Quelques heures après avoir mis les pieds dans le plat le jour de Thanksgiving, le Shaq a remis le couvert à l'issue de la victoire des siens face aux Chicago Bulls. Non, tout bien pesé, de Los Angeles à Cleveland en passant par Miami, jamais Big Cactus n'a vu meilleure équipe que celle dans laquelle il évolue aujourd'hui. "Et quand je dis meilleure équipe, je veux dire partout. Sur le terrain, dans le vestiaire et en dehors", a même ajouté le Géant vert. Kobe, Dwyane et LeBron apprécieront. Bien sûr, on voit venir les Phil Jackson et autres rabatteurs de caquets... Corporate, le Shaq?

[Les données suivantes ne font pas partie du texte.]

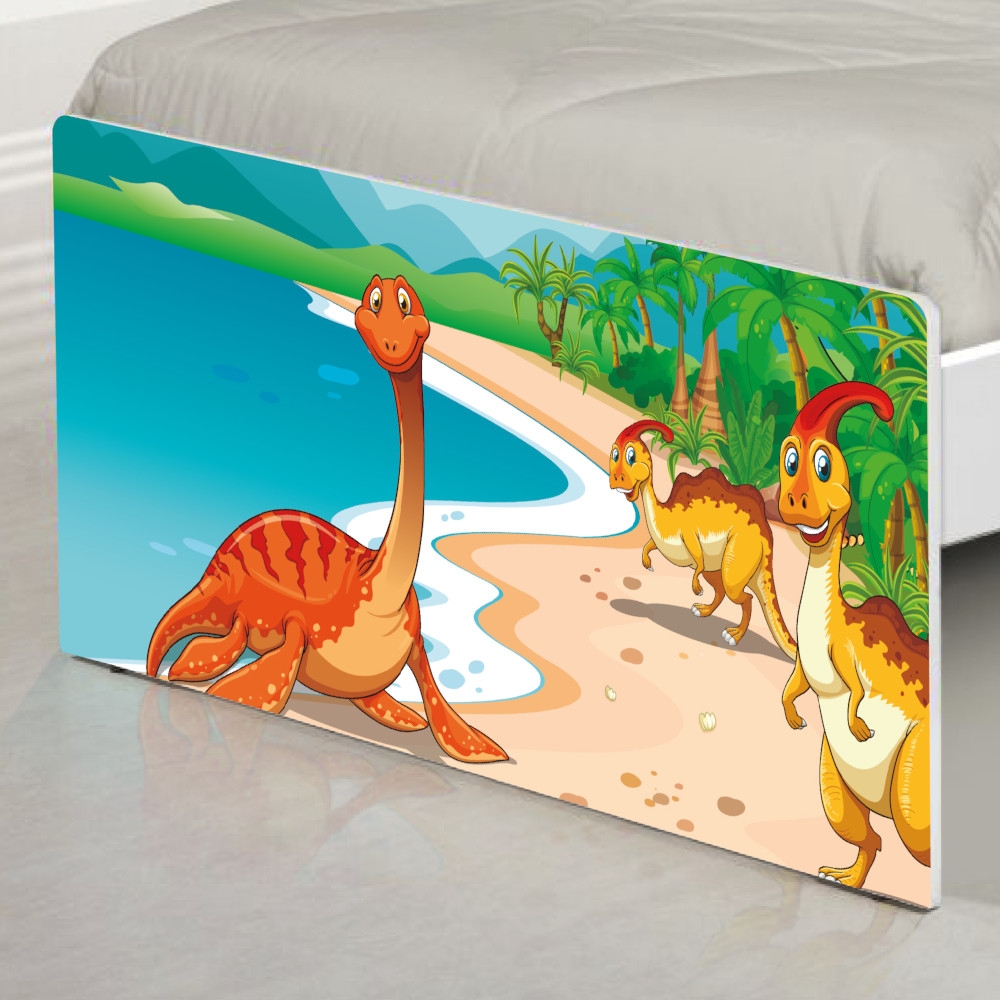 Cama Solteiro Adesivada Terra dos Dinossauros com Colchão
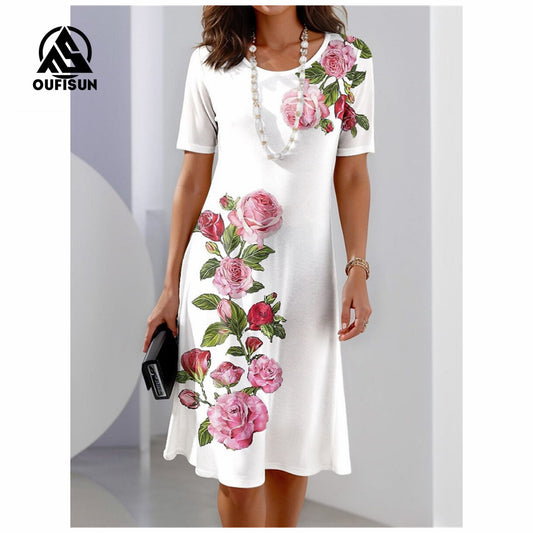 Μόδα φλοράλ στάμπα με κοντό μανίκι μάξι φορέματα πεταλούδα λουλουδάτο μακρύ φόρεμα-GR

Peut-être. Mais peut-on pour autant lui donner tort?


En ce début de saison pollué par les aventures et mésaventures du Heat -Dream Team autoproclamée-, les observateurs du basket US en auraient presque oublié de s'émerveiller devant les performances de la franchise du Massachusetts. Et pourtant... Début octobre, combien d'entre eux auraient parié que les Celtics détiendraient, après deux mois de compétition, le deuxième meilleur bilan de la Ligue (18-4)? Disons-le tout net: très peu. Les C's sont avant tout une machine dont le talent et la maîtrise s'expriment en play-offs, dans des matches au niveau de pression maximal. Les retrouver en cours de saison à un tel niveau, devant les Lakers, le Magic ou le Heat, a de quoi surprendre autant que susciter l'admiration*.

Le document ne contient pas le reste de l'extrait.